Massimiliano Bruno
torna a dirigere Paola Cortellesi a quattro anni
da Nessuno mi può giudicare e porta al
cinema Gli Ultimi saranno ultimi, lo spettacolo
teatrale che già era valso all’attrice numerosi premi.
Gli Ultimi saranno
ultimi Bruno lascia la commedia pura per virare verso il
dramma, raccontando di Luciana (Paola
Cortellesi), lavoratrice precaria che perde il lavoro
quando rimane incinta di un figlio tanto atteso assieme al marito
Stefano (Alessandro
Gassmann). La situazione esaspera i problemi di una
vita già difficile, accanto a un compagno sfaccendato e infantile,
seppure tenero e affettuoso, in un piccolo paese vicino Roma
funestato dall’inquinamento elettromagnetico. Luciana si appoggia
agli amici di sempre e a Stefano.
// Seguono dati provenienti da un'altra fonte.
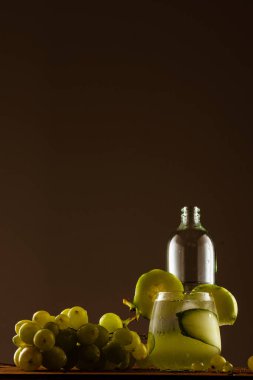 Salatalık ve üzümlü kokteyl.
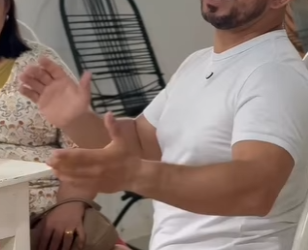 D2100003 Quando a mãe dela mais precisou, tentaram empurrar ela pra um asilo só part2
Ma quando anche chi le sta
intorno la ferisce, lasciandola sola, lei, prima mite e remissiva,
reagisce e reclama i suoi diritti.
Gli Ultimi saranno ultimi, il film
Il lavoro rende con naturalezza e
spontaneità la vita quotidiana, la sua fatica e semplicità, ma ne
sfrutta anche gli aspetti comicamente surreali, con toni che
richiamano le commedie corali di Mazzacurati – cui lo legano
idealmente alcune tracce, come il tema degli ultimi, lo sguardo
sulla provincia, la presenza di
Fabrizio Bentivoglio nei panni di Antonio,
poliziotto del Nord – Est, e perfino le sedie… in cui Stefano
ripone tanta speranza.
Gli Ultimi saranno
ultimi sa far arrivare le emozioni: difficile non
immedesimarsi in Luciana, nella sua rabbiosa reazione e desiderio
di rivalsa, dopo una vita trascorsa ad incassare in silenzio (lo
stesso, in un certo senso, fanno tutti e tre i personaggi citati).
Ciò, grazie a un’intensissima
Paola Cortellesi, ma anche alle interpretazioni di
Gassmann, nei panni del cialtrone monicelliano, e Bentivoglio, qui
codardo e sfortunato, roso dai sensi di colpa. Attori nel pieno di
una maturità artistica di cui lo spettatore non può che gioire,
attorniati da un cast ben assortito.
Tuttavia, a questo cinema
appassionato che Bruno, a ragione, incentra su un tema forte (molti
quelli secondari) manca ancora qualcosa. Quel salto di qualità che
il regista cerca a questo punto della carriera richiederebbe, ad
esempio, più continuità nella sceneggiatura, che ha invece alti e
bassi. Molte battute efficaci e meditate, momenti autentici, la
metafora ben condotta del bambino con la pistola giocattolo, che
affianca il percorso di Luciana – e sembrano nati assieme al pezzo
degli Afterhours che li accompagna. Ma anche scelte poco felici: a
partire dall’uso della narrazione in flashback, funzionale a creare
tensione dal principio e l’aspettativa di una catastrofe, a farla
crescere, deludendola poi in favore di una soluzione consolatoria
su tutti i fronti.
Non il solo passaggio poco
plausibile della sceneggiatura di Bruno e
Paola Cortellesi, con Furio Andreotti e Gianni
Corsi. La regia, poi, non ha ancora trovato una cifra
davvero propria. Vi sono buoni e originali spunti, riferimenti ben
metabolizzati, ma si cede ancora, in più punti, alla tentazione
delle soluzioni facili, della retorica, delle inquadrature scontate
e superflue. Un passo in una nuova direzione, che promette molto
bene, ma per ora mantiene solo in parte.